#### About this task:
Your response to the data below should hold nothing except the lines from the one containing "T-shirt avec illustration" down to the one containing "Rule 34 | 1girl, alternate", reproduced exactly and without pictures.

#### Records to use:

####

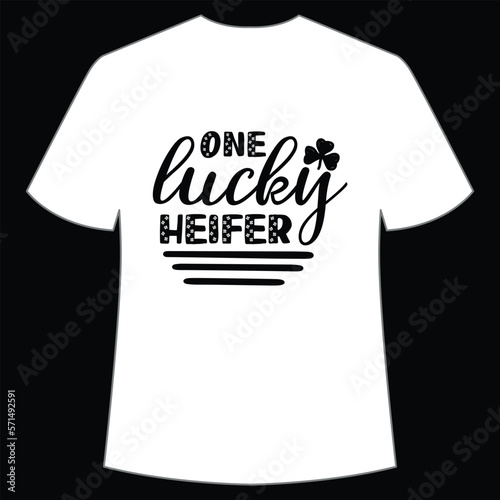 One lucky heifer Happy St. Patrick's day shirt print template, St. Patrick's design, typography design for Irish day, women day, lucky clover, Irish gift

####

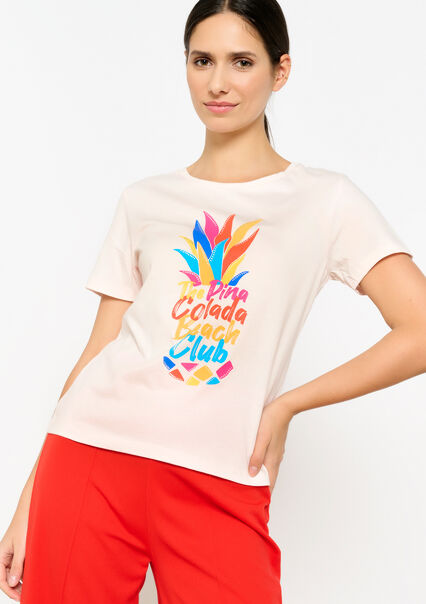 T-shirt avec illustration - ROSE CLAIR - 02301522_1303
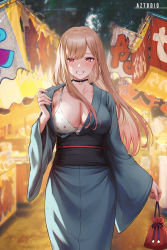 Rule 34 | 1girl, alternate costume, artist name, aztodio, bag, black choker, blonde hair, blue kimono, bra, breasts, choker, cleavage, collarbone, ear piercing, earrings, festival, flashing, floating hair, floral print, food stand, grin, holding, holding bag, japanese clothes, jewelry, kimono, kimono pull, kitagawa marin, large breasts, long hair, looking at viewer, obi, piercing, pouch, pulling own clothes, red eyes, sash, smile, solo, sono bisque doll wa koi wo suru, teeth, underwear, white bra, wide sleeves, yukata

####

#### Solution for this problem:
 T-shirt avec illustration - ROSE CLAIR - 02301522_1303
 Rule 34 | 1girl, alternate costume, artist name, aztodio, bag, black choker, blonde hair, blue kimono, bra, breasts, choker, cleavage, collarbone, ear piercing, earrings, festival, flashing, floating hair, floral print, food stand, grin, holding, holding bag, japanese clothes, jewelry, kimono, kimono pull, kitagawa marin, large breasts, long hair, looking at viewer, obi, piercing, pouch, pulling own clothes, red eyes, sash, smile, solo, sono bisque doll wa koi wo suru, teeth, underwear, white bra, wide sleeves, yukata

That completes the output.